To date, the best regimen of infliximab therapy is not known. In the present case, a rapid and complete remission of acute GVHD was observed with the administration of 3 perfusions of 10 mg/kg infliximab within 1 week. This regimen used the same cumulative dose but a shorter duration than previously described: in the majority of case series reporting the use of infliximab for acute GVHD following HSCT, a 10 mg/kg/week infliximab regimen was administered for a median duration of 3 weeks.3, 16–19 Because the patient had a life-threatening relapse after 2 perfusions of anti-thymocyte globulin and an increase in steroids, and in order to limit the total dose of anti-thymocyte globulin to 7.5 mg/kg in a patient with a history of cancer, we decided to use a reinforced regimen of infliximab therapy. The rapid response observed in the 48 hours following the onset of infliximab therapy encouraged us to rapidly repeat infliximab perfusions. However, although successful in the present case, such an intensive infliximab regimen should not be considered validated, and the best infliximab regimen for this indication warrants further investigation. Another unresolved issue is the role of infliximab with respect to other immunosuppressive therapies. In the present case, we used infliximab as a third-line treatment after steroids and anti-lymphocyte globulin had failed. Some authors estimate that infliximab should be introduced early after the diagnosis of steroid-refractory acute GVHD.17 The rationale for using infliximab as a second-line therapy is that this strategy may reduce the duration of heavy immunosuppression and thereby reduce the risk of infection, a leading cause of death following GVHD.2 Moreover, by avoiding the use of anti-thymocyte globulin, we could expect a lower risk of subsequent lymphoproliferative disorders.24 However, the use of infliximab does not guarantee the absence of infections or cancers. Our patient developed both bacterial and viral infections, as frequently described in the literature. The risk of de novo cancer following infliximab therapy warrants further long-term studies.25

Finally, this report highlights the need for early recognition of acute GVHD following liver transplantation, which may favor a favorable outcome. For this purpose, early bone marrow examinations of symptomatic patients and the systematic detection of lymphocyte chimerism could be 2 useful tools. Domiati-Saad et al.26 showed that the pattern of lymphocyte chimerism following liver transplantation is a rapid decrease over time.26 Interestingly, the cutoff of 20% of the donor CD3+ T cell levels in the peripheral blood measured at least 1 week after liver transplantation was predictive of subsequent GVHD.

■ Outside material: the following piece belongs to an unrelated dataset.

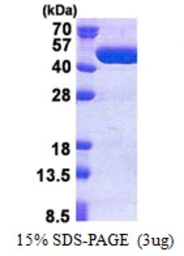 Human TBC1D13 protein, His tag. GTX68557-pro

In conclusion, acute GVHD following liver transplantation is a rare but frequently lethal complication. A consensus for the treatment of steroid-refractory forms is lacking. Because TNF-α is a key cytokine involved in acute GVHD, infliximab could be efficient for GVHD following liver transplantation, as previously shown in GVHD following HSCT, particularly in patients with bowel and skin lesions without hepatic damage. We documented for the first time a complete response and long-term remission of steroid-refractory acute GVHD following liver transplantation after the use of infliximab therapy. Further studies are needed to evaluate infliximab efficiency and tolerance and to identify the best infliximab regimen for GVHD following liver transplantation.

The authors thank Mrs. Frances Mary Sheppard from the Centre d'Investigation Clinique of Besançon for her assistance in drafting the article.